Joods museum Elburg kent goed openingsjaar
In tien maanden tijd heeft museum Sjoel Elburg 10.000 bezoekers weten te trekken. Daarmee zijn de verwachtingen nog voor het eerste openingsjaar voorbij is, ver overtroffen.
Woensdag ontving het museum zijn 10.000e bezoeker sinds de opening. „Toen we begonnen, was het lastig voorspellen hoeveel bezoekers we zouden trekken. Nederland kent slechts één ander Joods museum, maar dat heeft een andere opzet. We hebben op alle fronten een sprong in het duister gemaakt”, zei museumwoordvoerder A. van ’t Hoff woensdag.Bij de opening in juni vorig jaar werd nog verwacht dat jaarlijks 8000 belangstellenden het museum zouden aandoen.
In het museum staan verhalen over het Joodse leven in de Nederlandse provincie en specifiek in Elburg centraal. „We hebben 400 jaar Jodendom in Nederland een gezicht proberen te geven, soms zelfs letterlijk. Zo hebben we in het museum het verhaal gereconstrueerd van de Elburgse ‘Florence Nightingale’, Roosje Vecht. Ze ging na een ongelukkige liefde in de Eerste Wereldoorlog in België als verpleegster werken. Daar werd ze een van de eerste Nederlandse slachtoffers in deze oorlog.”

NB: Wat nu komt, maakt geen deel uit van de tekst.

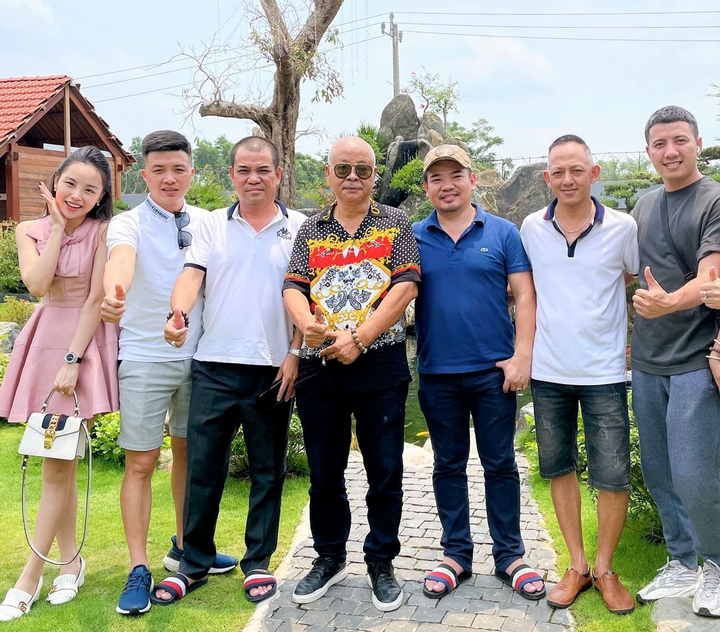 Ông chủ vườn lan Vân Phạm và niềm tin vào ngành lan - 1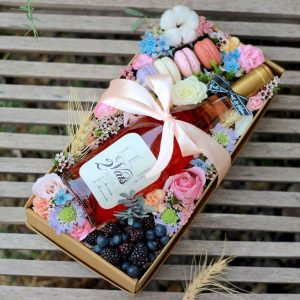 Fruit & Bloom - אקדמיה לשזירת פרחים - סדנאות חווייתיות וקורסים מקצועיים place picture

Volgens Van ’t Hoff is er nog voldoende capaciteit in het museum om meer mensen te ontvangen. De extra bezoeken helpen ook om fondsen te vergaren voor het in gebruik nemen van de bovenverdieping van het museum. „Daar willen we in de toekomst een studieruimte inrichten. Behalve museum willen we ook een educatief centrum zijn.”
Ook centraal in het museum staat de integratie van Joden in een christelijke gemeenschap. Deze geloofsgemeenschap wist in het overwegend reformatorische Elburg goed te integreren. Elburg kende tot de Tweede Wereldoorlog een kleine maar levendige Joodse gemeenschap. Na de oorlog keerde slechts een van hen terug naar het stadje. Het museum is gehuisvest in het gebouw waar ooit de synagoge was gevestigd.